The task: Write out, word for word, every line in the data below from the one containing "Bán tứ lập khu" to the one containing "4701 1480 Howe Street Yaletown", both of them included.

Dataset records:
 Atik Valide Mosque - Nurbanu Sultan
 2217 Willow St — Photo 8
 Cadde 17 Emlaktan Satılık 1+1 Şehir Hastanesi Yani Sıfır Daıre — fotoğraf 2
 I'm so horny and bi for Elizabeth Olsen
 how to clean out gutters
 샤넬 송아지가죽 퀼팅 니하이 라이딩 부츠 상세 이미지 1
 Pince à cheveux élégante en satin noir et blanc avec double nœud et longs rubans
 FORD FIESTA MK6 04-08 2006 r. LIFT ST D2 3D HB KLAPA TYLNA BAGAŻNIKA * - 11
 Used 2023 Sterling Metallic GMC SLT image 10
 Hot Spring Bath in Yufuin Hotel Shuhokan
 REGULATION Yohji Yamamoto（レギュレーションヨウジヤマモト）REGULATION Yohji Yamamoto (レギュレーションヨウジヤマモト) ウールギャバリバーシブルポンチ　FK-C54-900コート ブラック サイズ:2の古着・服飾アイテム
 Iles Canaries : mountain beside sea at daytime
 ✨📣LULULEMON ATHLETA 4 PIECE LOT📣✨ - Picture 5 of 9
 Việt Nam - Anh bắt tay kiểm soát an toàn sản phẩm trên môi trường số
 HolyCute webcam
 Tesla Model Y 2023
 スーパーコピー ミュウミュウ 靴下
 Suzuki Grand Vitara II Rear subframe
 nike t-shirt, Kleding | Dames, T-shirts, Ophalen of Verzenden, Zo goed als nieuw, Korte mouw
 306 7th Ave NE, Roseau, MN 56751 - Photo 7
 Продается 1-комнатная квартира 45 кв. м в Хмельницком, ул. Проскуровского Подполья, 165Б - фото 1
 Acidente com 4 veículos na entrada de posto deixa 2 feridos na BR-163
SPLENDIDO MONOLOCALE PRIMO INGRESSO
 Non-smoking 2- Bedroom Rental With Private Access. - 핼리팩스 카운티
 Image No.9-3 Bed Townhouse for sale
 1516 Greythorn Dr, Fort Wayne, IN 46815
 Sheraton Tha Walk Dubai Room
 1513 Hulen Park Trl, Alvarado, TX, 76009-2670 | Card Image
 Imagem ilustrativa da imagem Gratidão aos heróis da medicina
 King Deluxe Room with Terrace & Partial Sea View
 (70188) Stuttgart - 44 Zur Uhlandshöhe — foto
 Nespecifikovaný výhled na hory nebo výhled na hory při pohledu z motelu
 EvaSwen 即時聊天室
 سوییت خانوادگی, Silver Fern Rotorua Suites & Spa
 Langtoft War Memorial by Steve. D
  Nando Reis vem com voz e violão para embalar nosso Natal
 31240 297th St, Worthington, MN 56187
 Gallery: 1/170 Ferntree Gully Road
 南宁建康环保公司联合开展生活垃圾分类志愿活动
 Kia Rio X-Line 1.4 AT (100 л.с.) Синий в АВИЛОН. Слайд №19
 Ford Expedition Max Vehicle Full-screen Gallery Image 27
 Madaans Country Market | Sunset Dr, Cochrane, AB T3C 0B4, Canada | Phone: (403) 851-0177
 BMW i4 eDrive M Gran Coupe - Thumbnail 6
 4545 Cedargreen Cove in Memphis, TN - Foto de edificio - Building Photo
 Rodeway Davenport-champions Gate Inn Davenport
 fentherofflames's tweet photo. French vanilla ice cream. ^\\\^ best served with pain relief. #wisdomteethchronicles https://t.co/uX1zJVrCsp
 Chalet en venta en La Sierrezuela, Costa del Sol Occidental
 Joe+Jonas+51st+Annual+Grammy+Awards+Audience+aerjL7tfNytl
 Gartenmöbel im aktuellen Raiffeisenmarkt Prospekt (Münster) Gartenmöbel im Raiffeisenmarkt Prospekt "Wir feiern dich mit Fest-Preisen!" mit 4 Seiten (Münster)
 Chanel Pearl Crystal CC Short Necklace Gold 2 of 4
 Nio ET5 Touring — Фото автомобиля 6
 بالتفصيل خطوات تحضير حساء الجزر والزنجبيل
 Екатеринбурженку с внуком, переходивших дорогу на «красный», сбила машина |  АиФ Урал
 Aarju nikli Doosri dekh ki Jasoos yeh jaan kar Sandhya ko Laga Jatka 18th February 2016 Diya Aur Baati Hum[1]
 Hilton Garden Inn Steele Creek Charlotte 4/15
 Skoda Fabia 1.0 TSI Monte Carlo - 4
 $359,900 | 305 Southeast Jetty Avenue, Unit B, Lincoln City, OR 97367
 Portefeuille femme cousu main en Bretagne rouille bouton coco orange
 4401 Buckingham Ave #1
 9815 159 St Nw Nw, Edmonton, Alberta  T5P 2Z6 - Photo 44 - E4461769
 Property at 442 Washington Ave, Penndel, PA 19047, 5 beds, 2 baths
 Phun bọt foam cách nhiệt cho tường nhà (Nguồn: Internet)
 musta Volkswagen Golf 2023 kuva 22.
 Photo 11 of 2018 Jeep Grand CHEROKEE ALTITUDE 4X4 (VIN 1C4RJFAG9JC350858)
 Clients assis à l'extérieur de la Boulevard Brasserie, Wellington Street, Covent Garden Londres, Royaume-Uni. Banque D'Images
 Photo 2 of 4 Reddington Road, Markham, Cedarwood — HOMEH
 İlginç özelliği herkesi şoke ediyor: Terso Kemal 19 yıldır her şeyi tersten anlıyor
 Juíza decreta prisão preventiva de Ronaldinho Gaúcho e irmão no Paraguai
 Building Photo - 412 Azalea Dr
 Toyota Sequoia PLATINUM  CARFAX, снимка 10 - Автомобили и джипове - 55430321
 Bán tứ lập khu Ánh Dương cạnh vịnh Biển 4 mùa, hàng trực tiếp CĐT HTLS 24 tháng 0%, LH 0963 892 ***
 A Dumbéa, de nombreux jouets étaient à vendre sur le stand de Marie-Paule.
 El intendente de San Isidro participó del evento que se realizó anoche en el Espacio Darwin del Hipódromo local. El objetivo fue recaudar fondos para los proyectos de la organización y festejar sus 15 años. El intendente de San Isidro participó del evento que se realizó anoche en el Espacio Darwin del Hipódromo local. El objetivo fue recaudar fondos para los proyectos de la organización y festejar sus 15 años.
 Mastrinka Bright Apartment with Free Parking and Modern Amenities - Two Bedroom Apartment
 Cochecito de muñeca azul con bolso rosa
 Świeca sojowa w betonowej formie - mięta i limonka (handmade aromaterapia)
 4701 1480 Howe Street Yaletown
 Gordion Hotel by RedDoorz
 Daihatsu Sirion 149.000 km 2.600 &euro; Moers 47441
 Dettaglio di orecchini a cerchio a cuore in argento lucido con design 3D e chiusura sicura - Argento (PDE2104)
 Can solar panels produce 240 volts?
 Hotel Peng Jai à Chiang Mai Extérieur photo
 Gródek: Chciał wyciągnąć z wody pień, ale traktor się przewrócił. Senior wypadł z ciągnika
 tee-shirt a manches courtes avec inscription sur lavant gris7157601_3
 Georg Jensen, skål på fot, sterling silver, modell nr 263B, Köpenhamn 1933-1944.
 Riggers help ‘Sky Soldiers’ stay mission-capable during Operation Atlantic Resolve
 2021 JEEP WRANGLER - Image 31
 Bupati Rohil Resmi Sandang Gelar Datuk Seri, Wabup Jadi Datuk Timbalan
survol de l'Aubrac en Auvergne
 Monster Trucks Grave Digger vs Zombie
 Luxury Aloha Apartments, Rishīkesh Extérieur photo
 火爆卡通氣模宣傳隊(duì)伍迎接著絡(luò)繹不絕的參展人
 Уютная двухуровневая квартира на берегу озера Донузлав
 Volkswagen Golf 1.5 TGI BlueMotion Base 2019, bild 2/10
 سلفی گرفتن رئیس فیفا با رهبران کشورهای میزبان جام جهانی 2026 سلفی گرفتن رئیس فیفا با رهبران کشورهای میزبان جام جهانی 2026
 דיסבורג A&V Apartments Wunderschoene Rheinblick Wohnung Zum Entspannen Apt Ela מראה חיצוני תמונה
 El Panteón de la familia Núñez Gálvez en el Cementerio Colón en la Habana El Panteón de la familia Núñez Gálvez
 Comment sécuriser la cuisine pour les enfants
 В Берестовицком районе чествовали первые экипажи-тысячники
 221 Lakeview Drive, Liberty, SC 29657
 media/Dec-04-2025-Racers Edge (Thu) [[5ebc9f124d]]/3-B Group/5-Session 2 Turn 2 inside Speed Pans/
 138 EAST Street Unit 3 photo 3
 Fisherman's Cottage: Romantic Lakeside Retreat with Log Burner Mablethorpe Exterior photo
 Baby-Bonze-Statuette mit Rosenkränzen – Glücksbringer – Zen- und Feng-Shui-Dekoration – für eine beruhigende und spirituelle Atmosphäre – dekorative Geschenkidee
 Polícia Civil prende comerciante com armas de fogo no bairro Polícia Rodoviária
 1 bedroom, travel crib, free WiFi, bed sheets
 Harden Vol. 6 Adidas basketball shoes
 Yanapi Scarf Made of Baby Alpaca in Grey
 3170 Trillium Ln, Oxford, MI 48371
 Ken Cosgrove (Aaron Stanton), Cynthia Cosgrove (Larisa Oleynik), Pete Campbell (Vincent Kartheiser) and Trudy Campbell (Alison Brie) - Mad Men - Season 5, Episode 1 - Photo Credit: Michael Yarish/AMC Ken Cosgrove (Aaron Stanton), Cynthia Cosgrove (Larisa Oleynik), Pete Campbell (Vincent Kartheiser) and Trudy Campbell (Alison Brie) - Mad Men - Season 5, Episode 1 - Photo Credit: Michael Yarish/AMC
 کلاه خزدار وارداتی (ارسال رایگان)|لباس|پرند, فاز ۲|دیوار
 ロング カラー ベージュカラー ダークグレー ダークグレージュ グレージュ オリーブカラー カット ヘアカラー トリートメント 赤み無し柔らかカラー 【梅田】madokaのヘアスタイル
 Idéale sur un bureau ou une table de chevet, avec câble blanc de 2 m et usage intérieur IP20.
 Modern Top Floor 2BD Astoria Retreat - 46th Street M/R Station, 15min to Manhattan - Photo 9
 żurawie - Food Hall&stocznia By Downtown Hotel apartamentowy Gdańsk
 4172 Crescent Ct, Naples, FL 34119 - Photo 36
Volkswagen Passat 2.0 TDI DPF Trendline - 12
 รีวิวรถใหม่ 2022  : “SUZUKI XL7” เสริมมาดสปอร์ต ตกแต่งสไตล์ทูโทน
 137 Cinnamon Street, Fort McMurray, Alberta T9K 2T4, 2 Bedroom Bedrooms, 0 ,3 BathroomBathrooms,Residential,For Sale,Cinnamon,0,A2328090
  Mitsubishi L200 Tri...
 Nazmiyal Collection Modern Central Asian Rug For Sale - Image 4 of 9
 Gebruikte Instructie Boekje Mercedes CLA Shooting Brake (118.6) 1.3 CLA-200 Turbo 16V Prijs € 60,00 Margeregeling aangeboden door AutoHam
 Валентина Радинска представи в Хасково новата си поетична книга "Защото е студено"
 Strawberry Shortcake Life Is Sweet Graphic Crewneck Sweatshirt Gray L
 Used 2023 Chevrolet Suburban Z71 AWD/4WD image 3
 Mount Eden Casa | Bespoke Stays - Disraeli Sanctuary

Task solution:
 Bán tứ lập khu Ánh Dương cạnh vịnh Biển 4 mùa, hàng trực tiếp CĐT HTLS 24 tháng 0%, LH 0963 892 ***
 A Dumbéa, de nombreux jouets étaient à vendre sur le stand de Marie-Paule.
 El intendente de San Isidro participó del evento que se realizó anoche en el Espacio Darwin del Hipódromo local. El objetivo fue recaudar fondos para los proyectos de la organización y festejar sus 15 años. El intendente de San Isidro participó del evento que se realizó anoche en el Espacio Darwin del Hipódromo local. El objetivo fue recaudar fondos para los proyectos de la organización y festejar sus 15 años.
 Mastrinka Bright Apartment with Free Parking and Modern Amenities - Two Bedroom Apartment
 Cochecito de muñeca azul con bolso rosa
 Świeca sojowa w betonowej formie - mięta i limonka (handmade aromaterapia)
 4701 1480 Howe Street Yaletown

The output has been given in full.